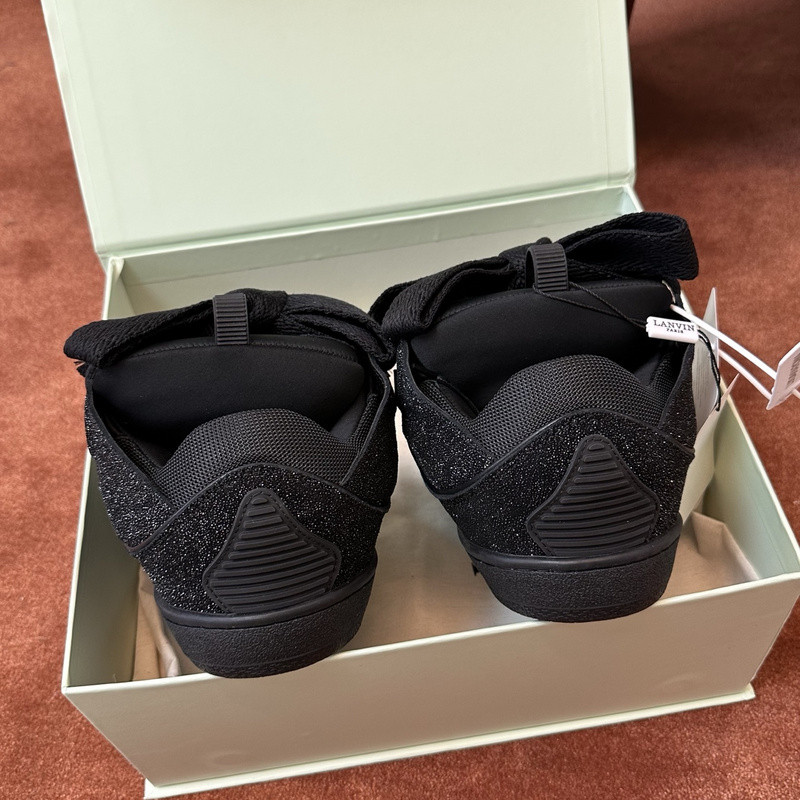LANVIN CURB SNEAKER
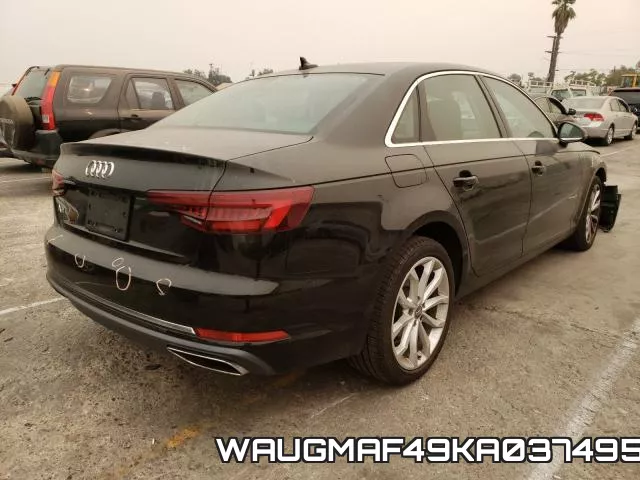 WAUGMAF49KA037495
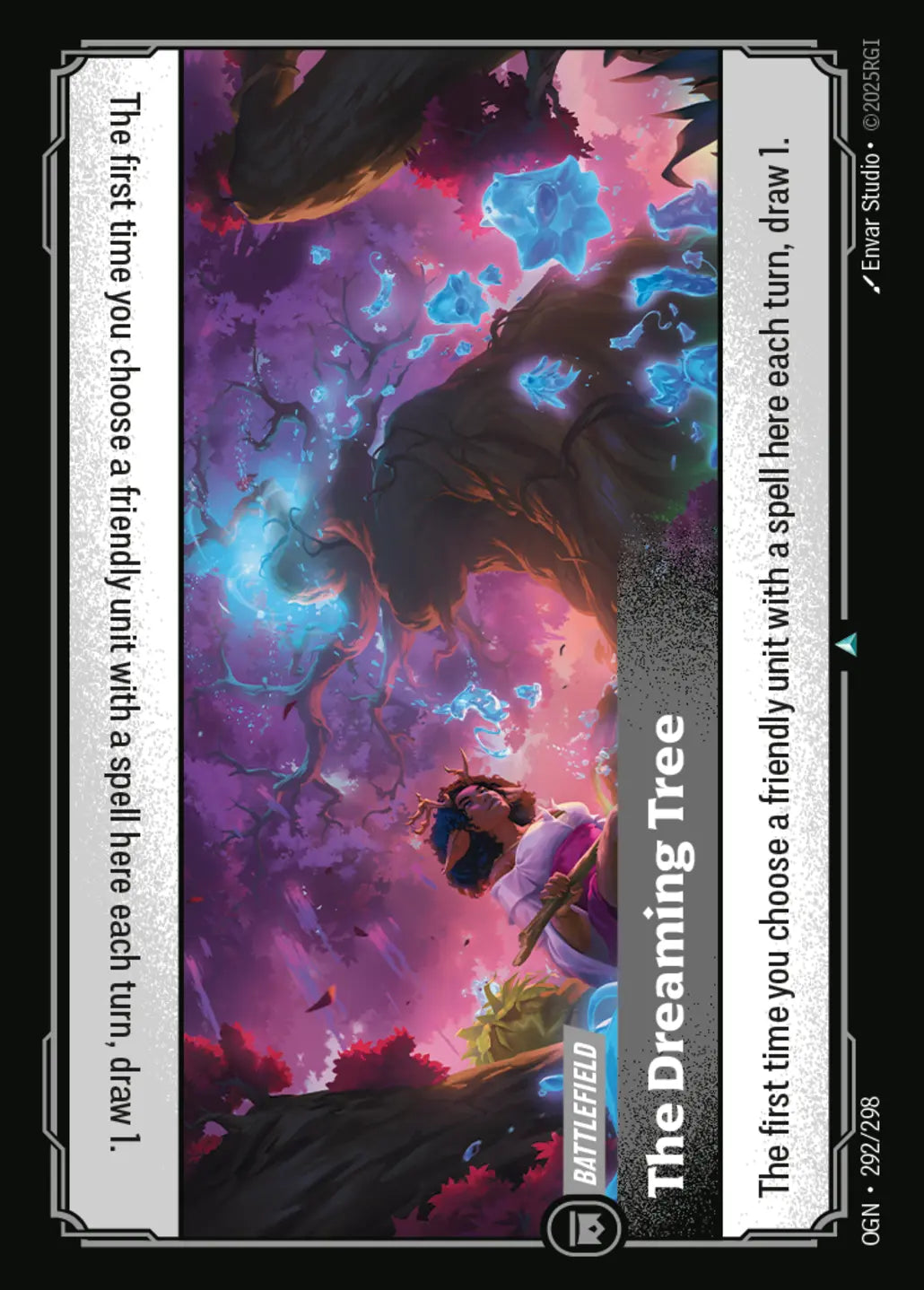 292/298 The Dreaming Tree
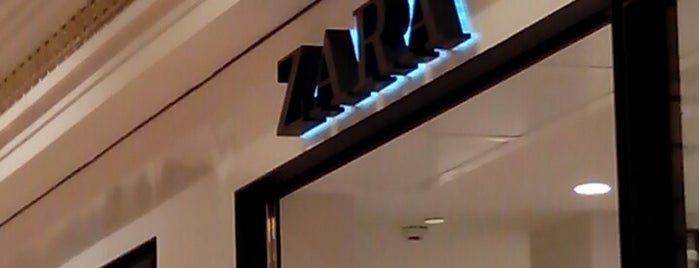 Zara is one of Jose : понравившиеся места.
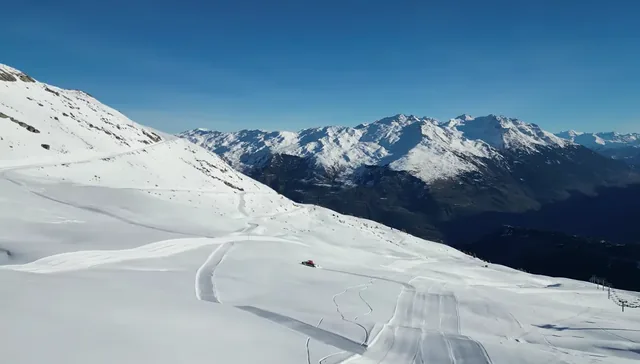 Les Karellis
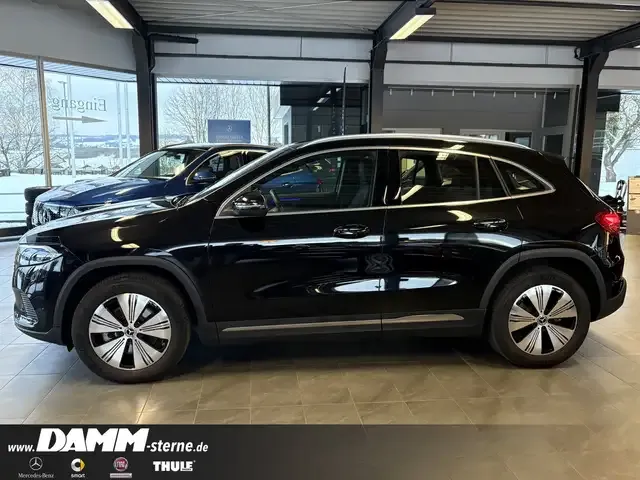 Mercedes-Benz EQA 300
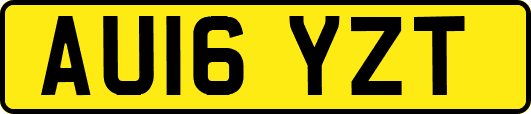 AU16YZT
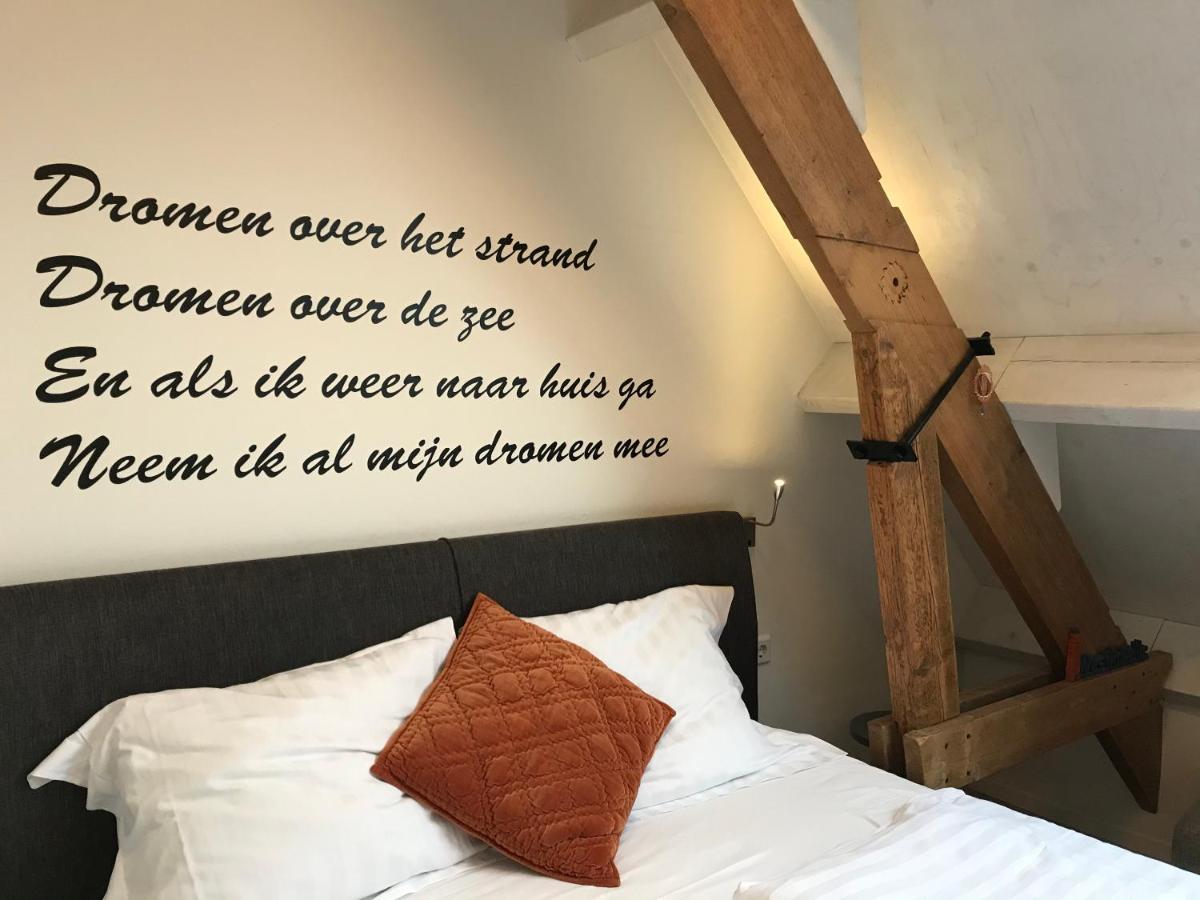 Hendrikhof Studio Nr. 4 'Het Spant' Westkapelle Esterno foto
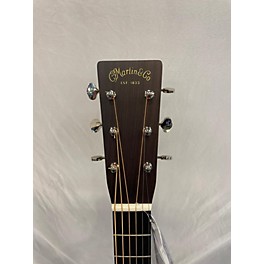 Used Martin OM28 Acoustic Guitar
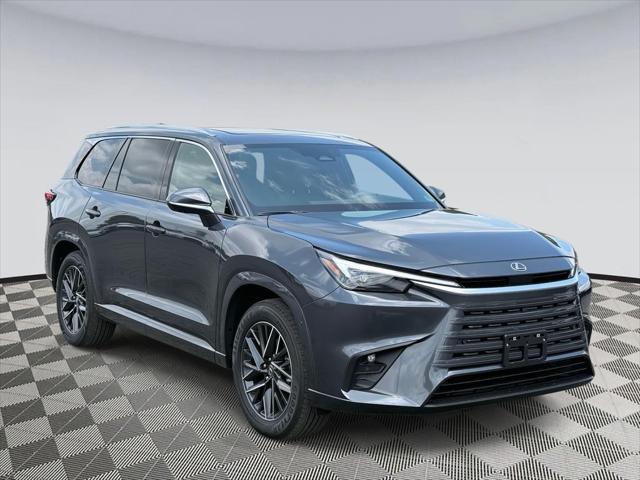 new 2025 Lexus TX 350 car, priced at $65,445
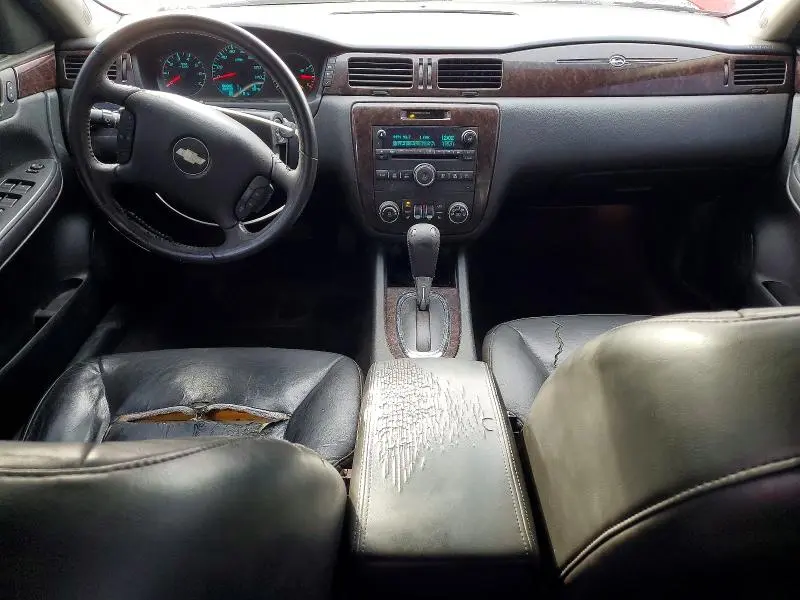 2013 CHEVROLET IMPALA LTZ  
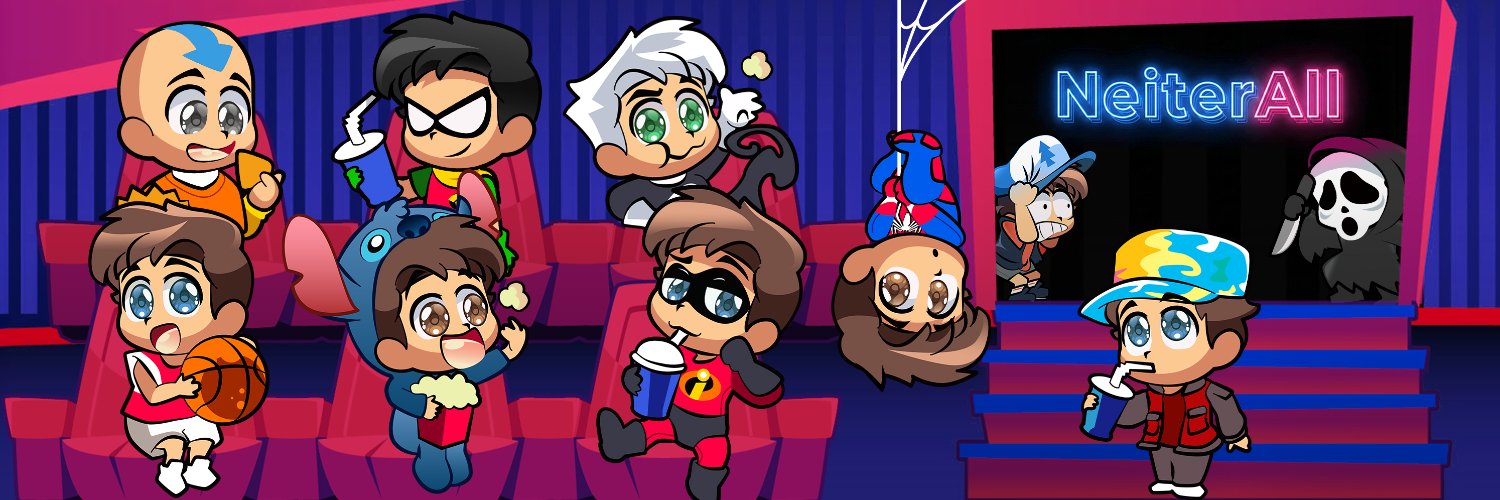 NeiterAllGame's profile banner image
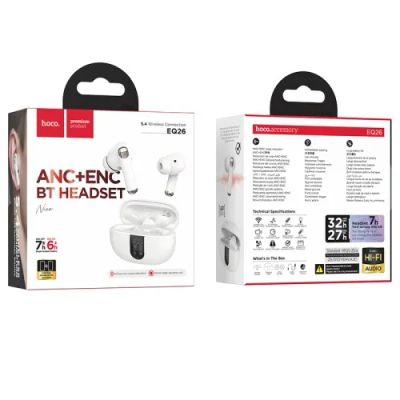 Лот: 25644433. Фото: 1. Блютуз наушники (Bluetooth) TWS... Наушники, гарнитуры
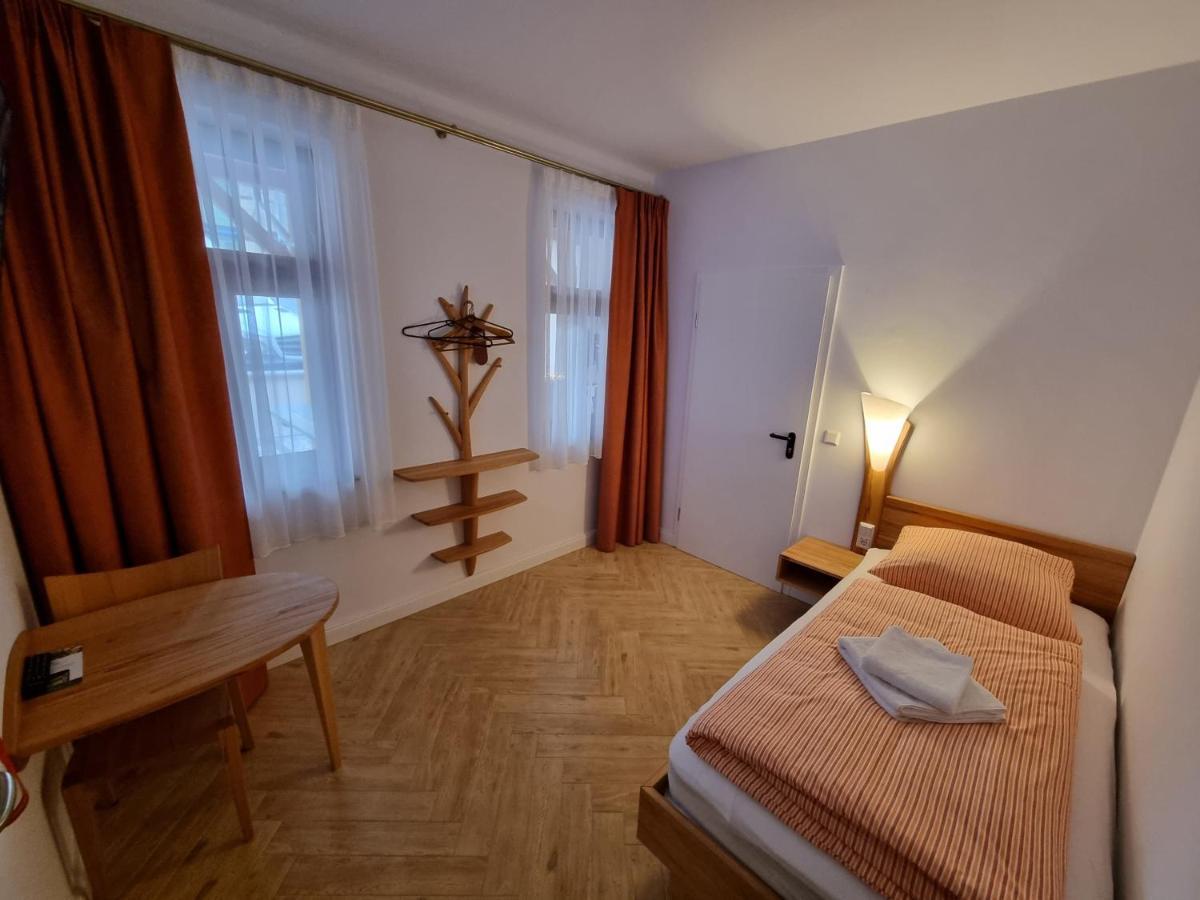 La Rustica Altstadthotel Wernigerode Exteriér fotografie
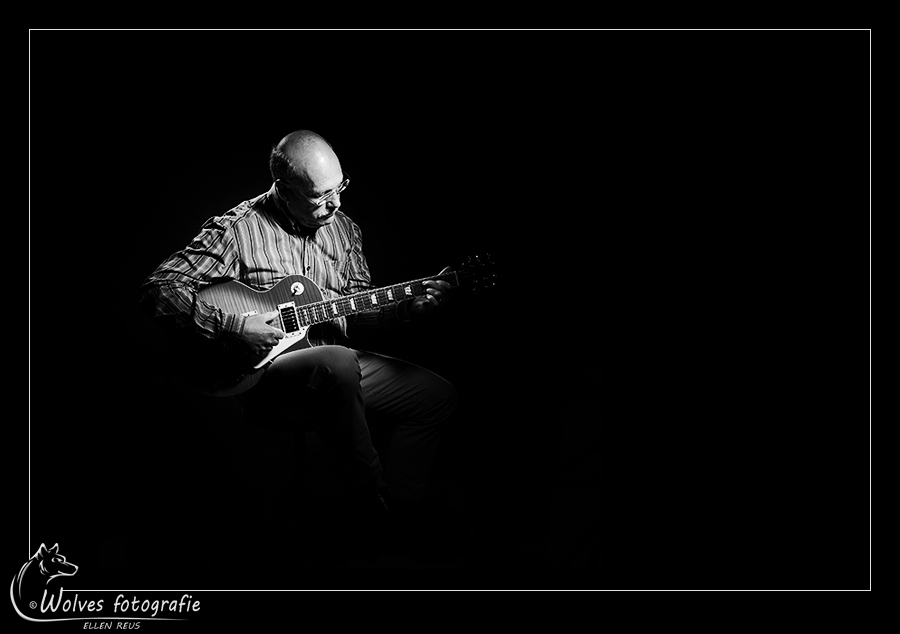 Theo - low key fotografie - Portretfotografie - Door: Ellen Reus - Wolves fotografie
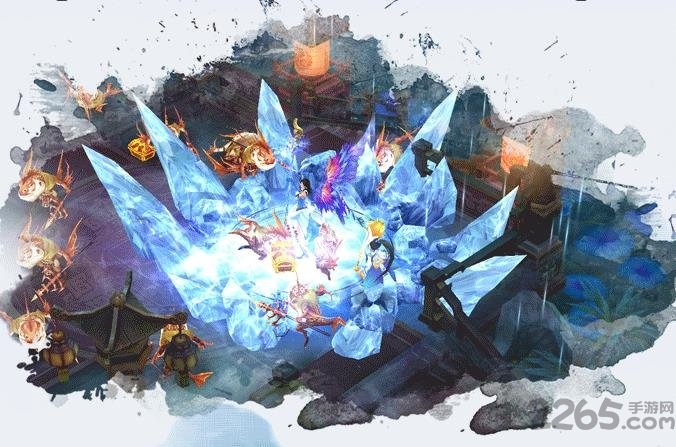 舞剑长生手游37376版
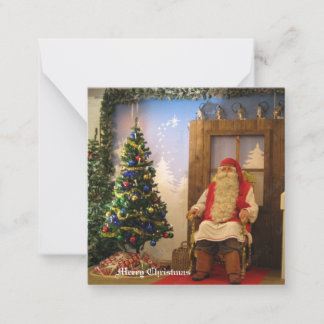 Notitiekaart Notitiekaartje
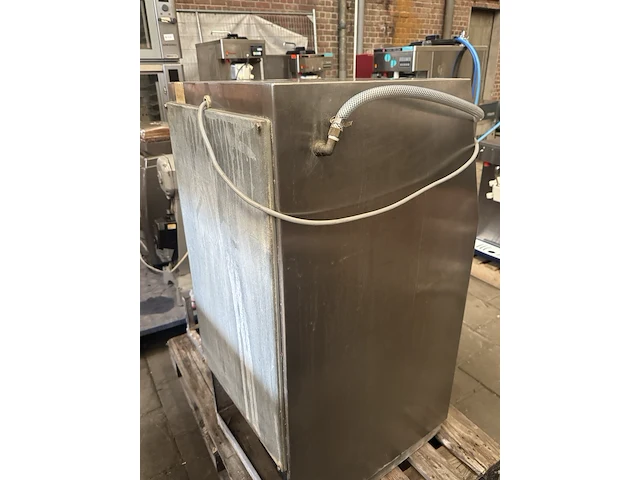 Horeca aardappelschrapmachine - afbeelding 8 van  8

-*-*-

* **WHAT TO DO**
Every line of the data above is to be set down exactly; the pictures are not.

* **FINISHED TASK**
LANVIN CURB SNEAKER
 WAUGMAF49KA037495
 292/298 The Dreaming Tree
 Zara is one of Jose : понравившиеся места.
 Les Karellis
 Mercedes-Benz EQA 300
 AU16YZT
 Hendrikhof Studio Nr. 4 'Het Spant' Westkapelle Esterno foto
 Used Martin OM28 Acoustic Guitar
 new 2025 Lexus TX 350 car, priced at $65,445
 2013 CHEVROLET IMPALA LTZ  
 NeiterAllGame's profile banner image
 Лот: 25644433. Фото: 1. Блютуз наушники (Bluetooth) TWS... Наушники, гарнитуры
 La Rustica Altstadthotel Wernigerode Exteriér fotografie
 Theo - low key fotografie - Portretfotografie - Door: Ellen Reus - Wolves fotografie
 舞剑长生手游37376版
 Notitiekaart Notitiekaartje
 Horeca aardappelschrapmachine - afbeelding 8 van  8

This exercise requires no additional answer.